There’s a lot more to putting an election together than just setting up voting booths.
For Amanda Snyder, bilingual coordinator for the Ector County Elections office, one of her main duties is finding enough bilingual Election Day clerks to work during the Nov. 6 general election.
In total, the county needs 140 additional clerks to help man voting booths; 84 of those should be able to speak both English and Spanish. As of Tuesday, Snyder said she only needs 10 more bilingual clerks.
“But it’s always good to have reserves,” Snyder said. “Just in case anyone can’t show up.”
Ector County Elections Administrator Mitzi Scheible said the Texas Secretary of State’s office makes each county election office hire a certain number of bilingual clerks based on the number of registered voters with Hispanic surnames. The 84 needed for this year’s presidential election is based on two different factors: the increase in polling locations for the general election in comparison to the primary election; and because of the increase in the Hispanic population over the past couple of years.
If the county is unable to fulfill the requirement set by the Texas Secretary of State, Scheible said she would have to consolidate some precincts, bring them before the commissioners court for a vote, and then send the decision to the Department of Justice for approval.
“But that’s never happened before,” Snyder said.
In order to work on Election Day, Snyder said eligible participants have to undergo two different trainings: one on Tuesday and the other on Oct. 30. Both meetings are scheduled to start at 5:30 p.m. and finish at 7:30 p.m.
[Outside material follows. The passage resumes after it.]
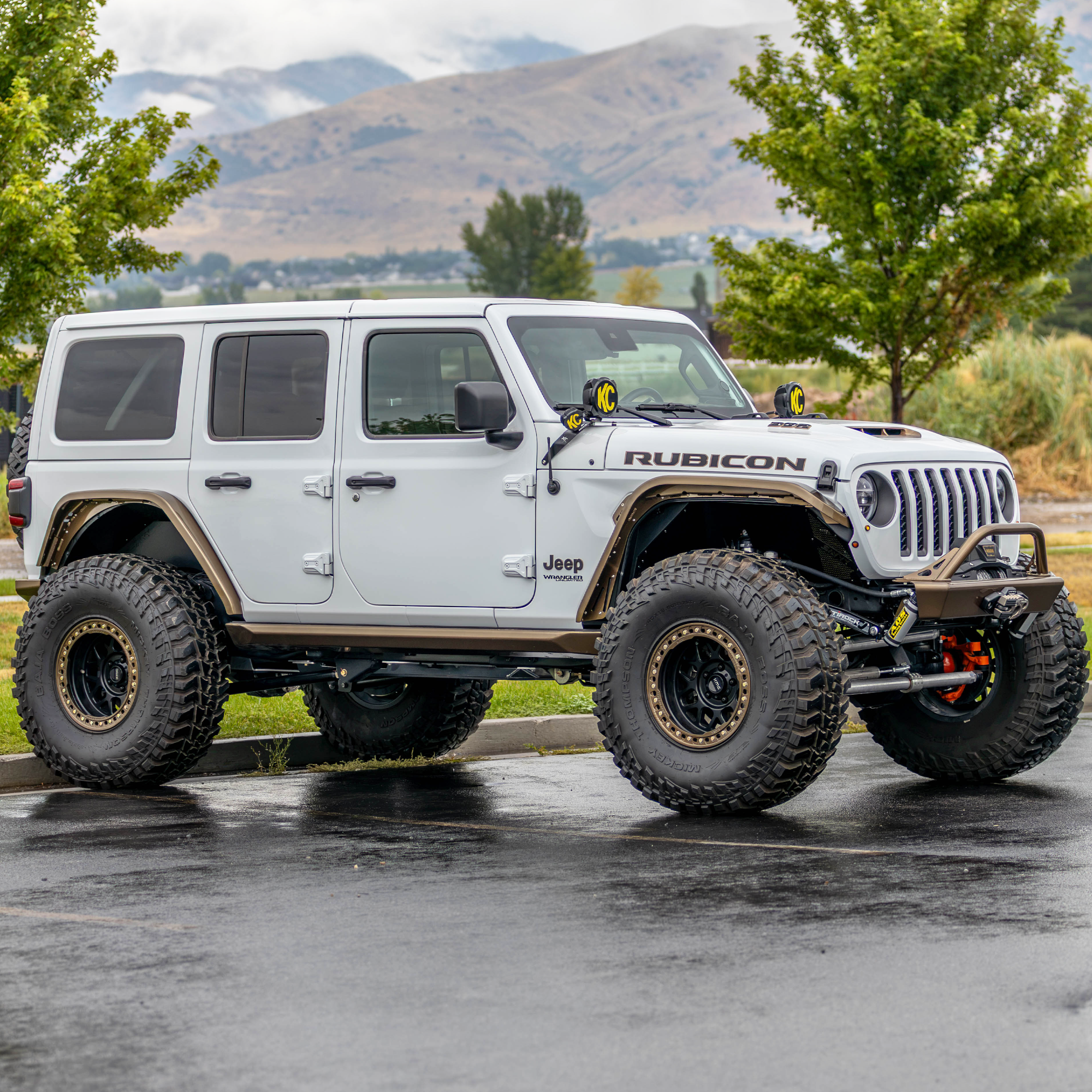 Jeep Wrangler JLU rear highline fenders providing clearance for 42-inch tires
The positions are open to anyone, including high school students who are at least 16 years old in age.
“They have to be in good standing with their school and must be approved by their principal and parents,” Snyder said, noting that she had six high school students who worked as clerks during the 2008 general election.
Scheible said the county also pays $9 an hour and first-time clerks would be stationed with people who have worked during an election before, helping ease any nerves someone might have.
“I will not put someone in a position … without someone who has worked at least three or four elections,” Scheible said.
Martha Hulsey, who said she’s been working during Election Day for “several years,” said she originally started when she was an elementary school teacher to teacher her students about civic duty.
Hulsey said the people that she meets during the election are knowledgeable and many clerks express interest in returning for another election.
“Most of the time, you see people who want to do it again and because they enjoyed there service,” Hulsey said. “Sometimes people don’t want to do it again, but that’s not very often.”